▸ RECORDS:
-=-=-=-=-

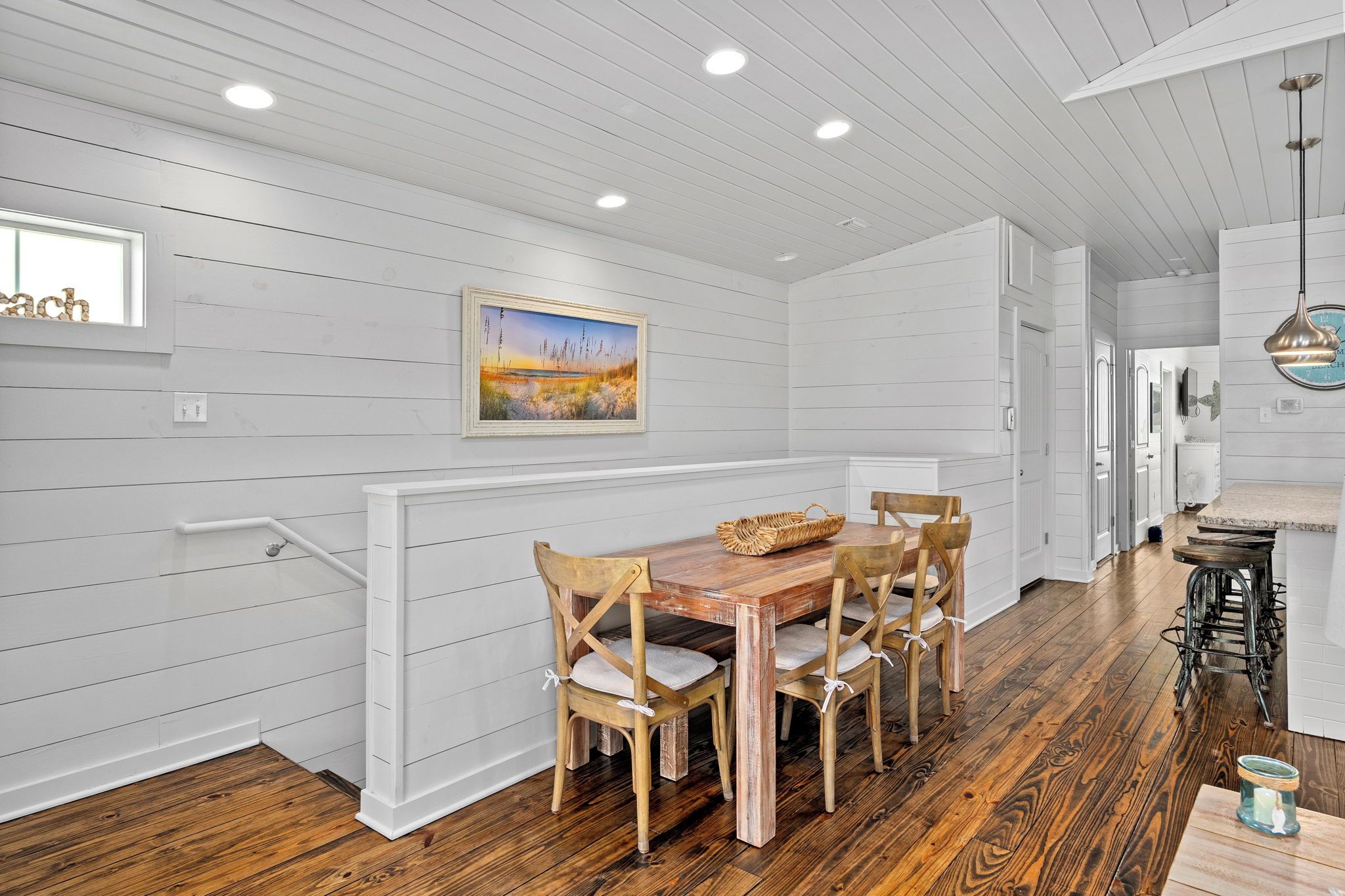 A dining area with a wooden table and chairs, white paneled walls, and a painting above the table.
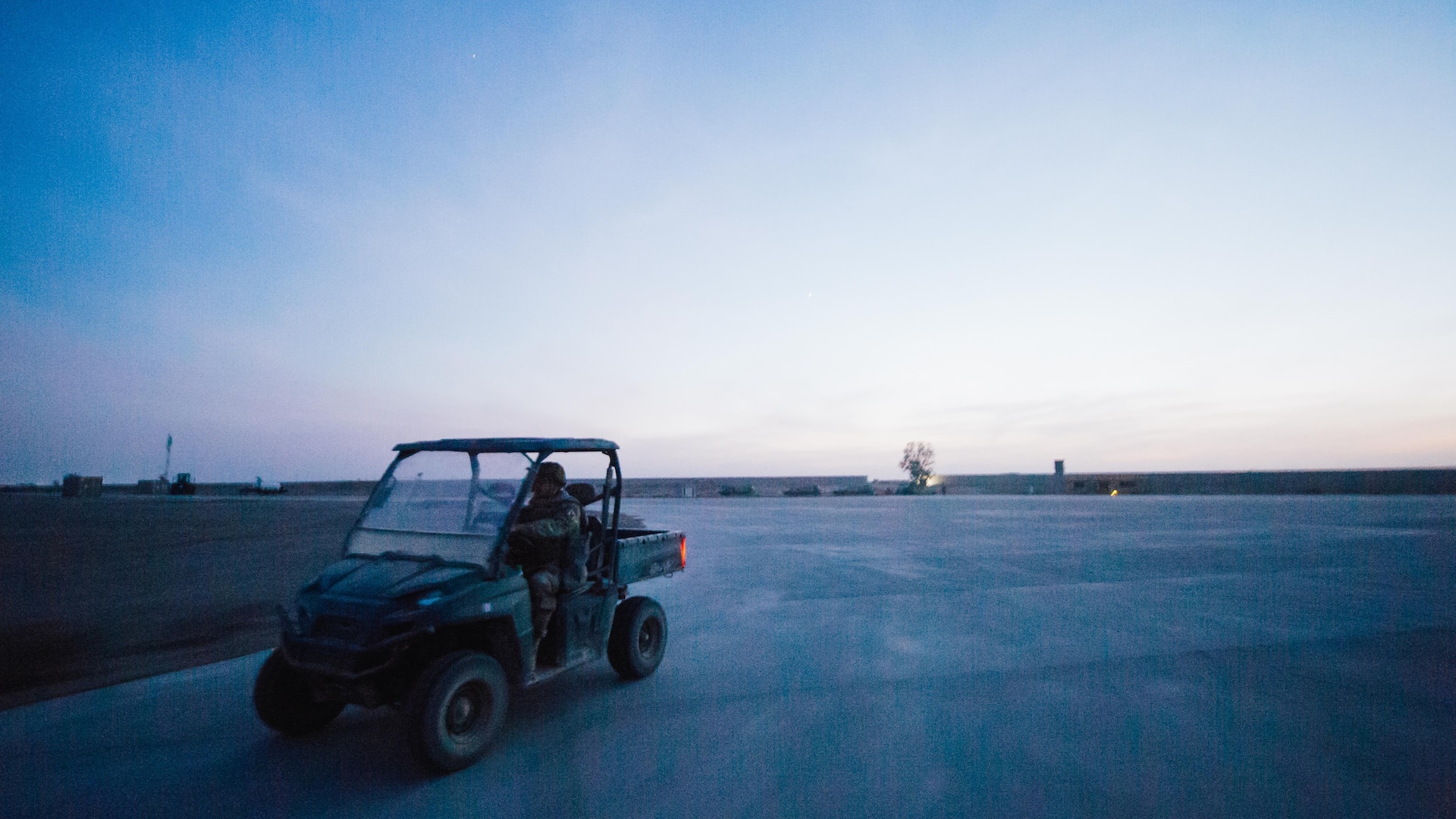 U.S. Air Force Staff Sgt. Steven Ramos, 821st Contingency Response Group airfield manager, drives a utility vehicle to a job site at Qayyarah West Airfield, Iraq, in support of Combined Joint Task Force - Operation Inherent Resolve, Nov. 14, 2016. The 821st CRG is highly-specialized in training and rapidly deploying personnel to quickly open airfields and establish, expand, sustain and coordinate air operations in austere, bare-base conditions. (U.S. Air Force photo by Senior Airman Jordan Castelan)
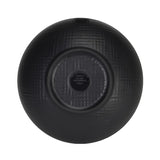 A black serving bowl, round and ceramic, viewed from above. The surface features a subtle crisscross texture, with a circular, slightly raised base at the center. Faint text inside the base indicates manufacturing details.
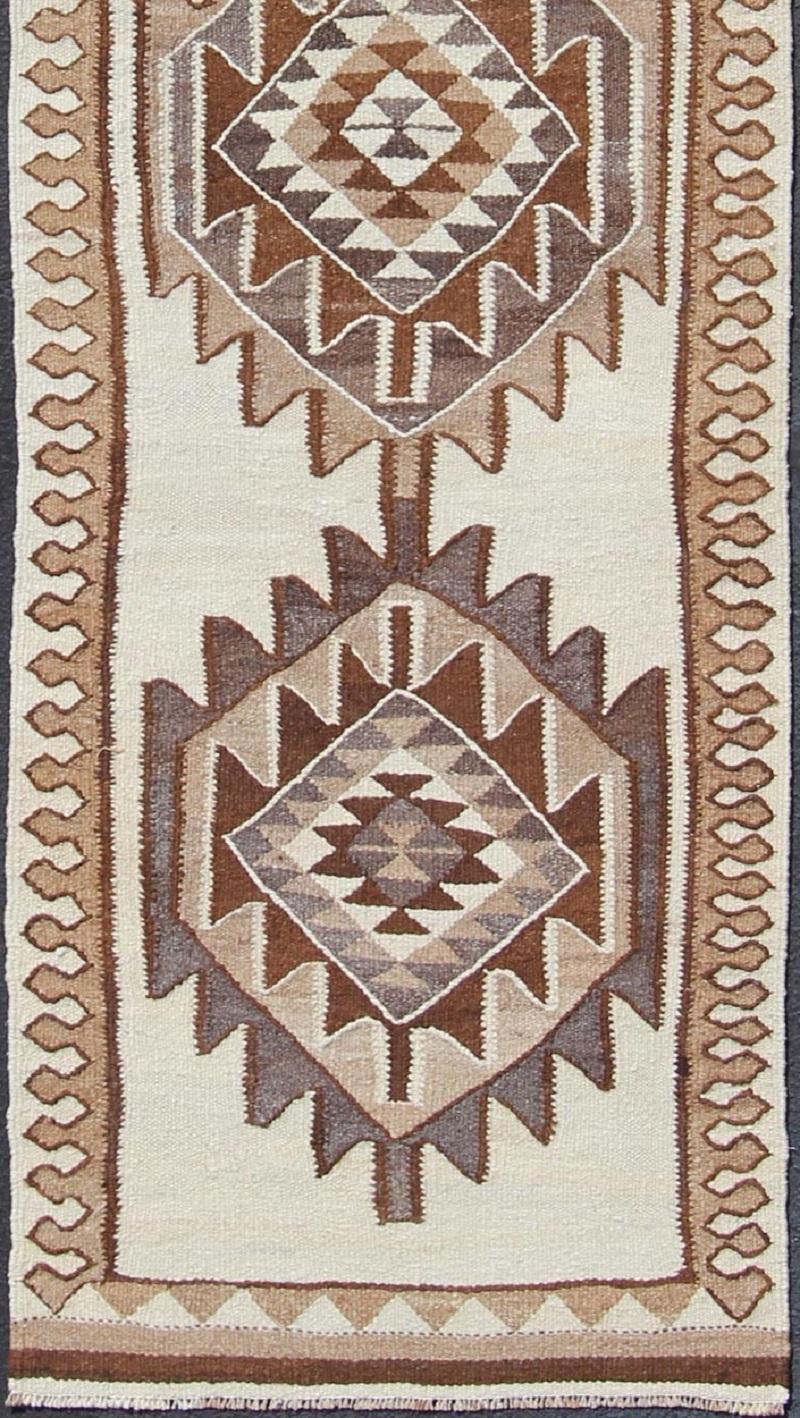 Brown and cream colored tribal Medallion design Kilim Turkish vintage runner, rug en-176528, country of origin / type: Turkey / Kilim, circa 1960.

This unique Turkish Kilim runner features a graphic vertical design of interconnected medallion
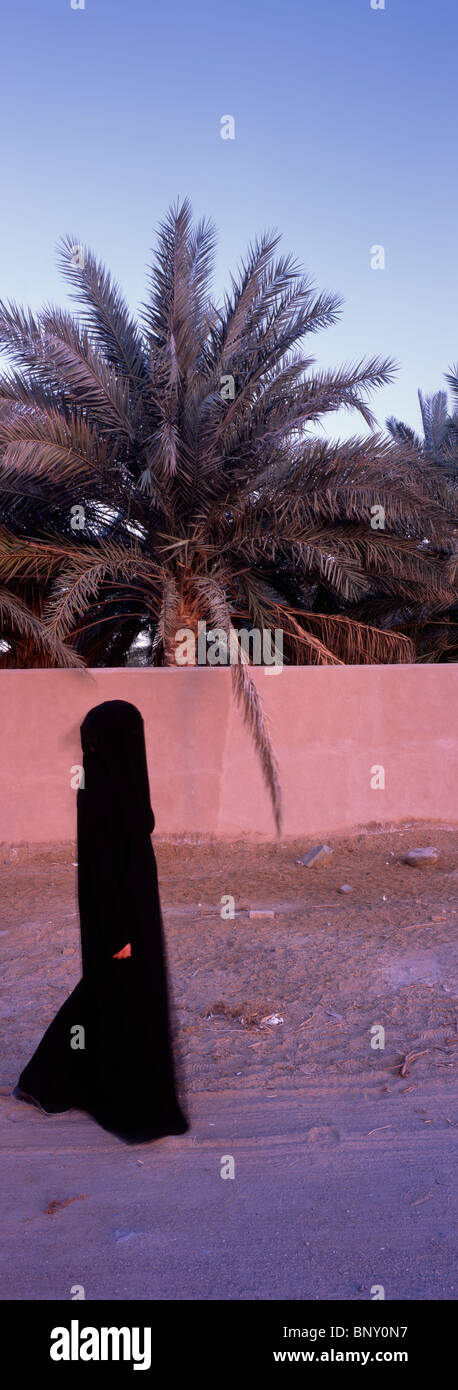 Panorama-Aufnahme der Trägerin traditionelle Abaya, vorbei an einer Wehrmauer befindet sich nahe Fort Fujairah, Fujairah, U.A.E. Stockfoto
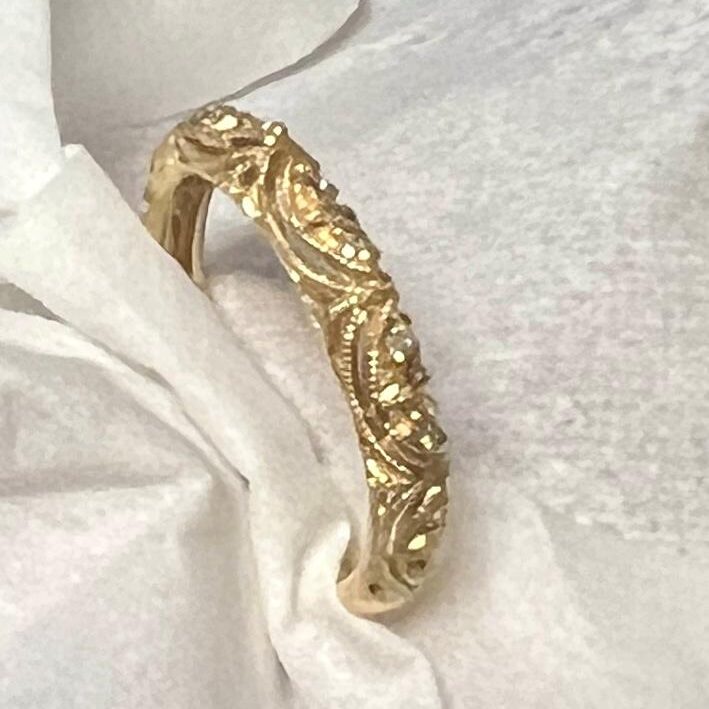 Elegant gold ring with intricate floral engravings.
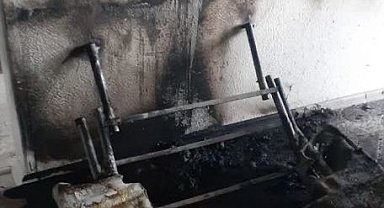Sobadan çıkan yangın evde zarara neden oldu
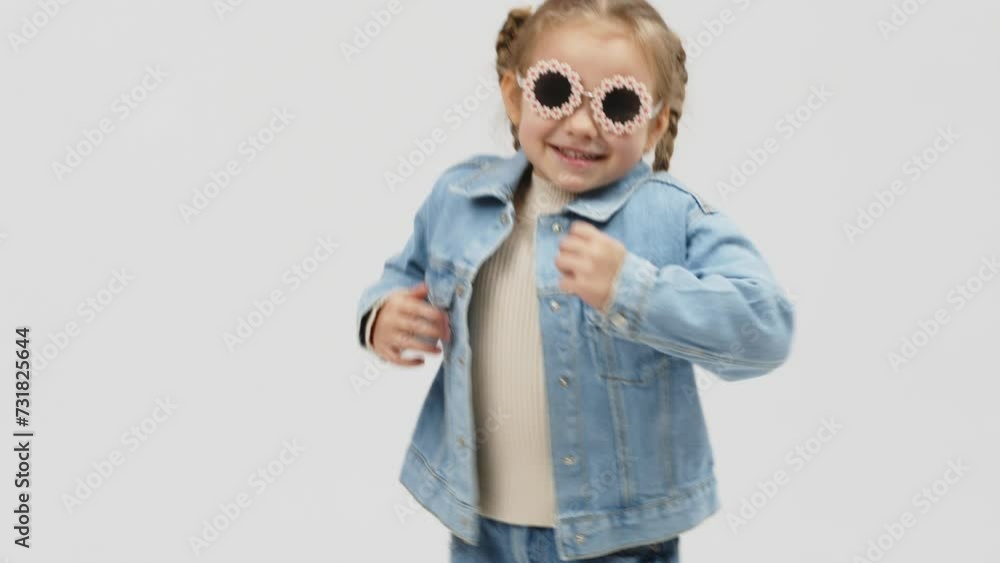 Cheerful little girl in modern clothes having fun, performing freestyle dance moves, on isolated white background. Children's clothing advertising concept Cheerful little girl in modern clothes having fun, performing freestyle dance moves, on isolated white background. Children's clothing advertising concept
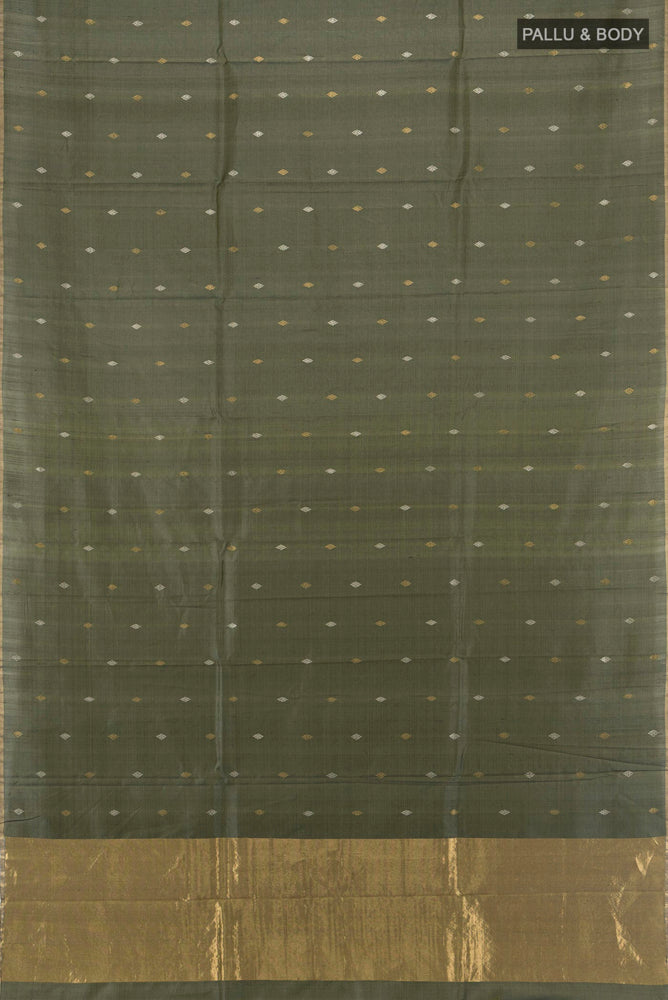 Flat view of Multi Color Tussar Silk Saree with Zari Butta on the body and Silk Border.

-=-=-=-=-

▸ TO DO: The answer should be an exact copy of the material, with its pictures removed.

▸ YOUR SOLUTION:
 A dining area with a wooden table and chairs, white paneled walls, and a painting above the table.
 U.S. Air Force Staff Sgt. Steven Ramos, 821st Contingency Response Group airfield manager, drives a utility vehicle to a job site at Qayyarah West Airfield, Iraq, in support of Combined Joint Task Force - Operation Inherent Resolve, Nov. 14, 2016. The 821st CRG is highly-specialized in training and rapidly deploying personnel to quickly open airfields and establish, expand, sustain and coordinate air operations in austere, bare-base conditions. (U.S. Air Force photo by Senior Airman Jordan Castelan)
 A black serving bowl, round and ceramic, viewed from above. The surface features a subtle crisscross texture, with a circular, slightly raised base at the center. Faint text inside the base indicates manufacturing details.
 Brown and cream colored tribal Medallion design Kilim Turkish vintage runner, rug en-176528, country of origin / type: Turkey / Kilim, circa 1960.

This unique Turkish Kilim runner features a graphic vertical design of interconnected medallion
 Panorama-Aufnahme der Trägerin traditionelle Abaya, vorbei an einer Wehrmauer befindet sich nahe Fort Fujairah, Fujairah, U.A.E. Stockfoto
 Elegant gold ring with intricate floral engravings.
Sobadan çıkan yangın evde zarara neden oldu
 Cheerful little girl in modern clothes having fun, performing freestyle dance moves, on isolated white background. Children's clothing advertising concept Cheerful little girl in modern clothes having fun, performing freestyle dance moves, on isolated white background. Children's clothing advertising concept
 Flat view of Multi Color Tussar Silk Saree with Zari Butta on the body and Silk Border.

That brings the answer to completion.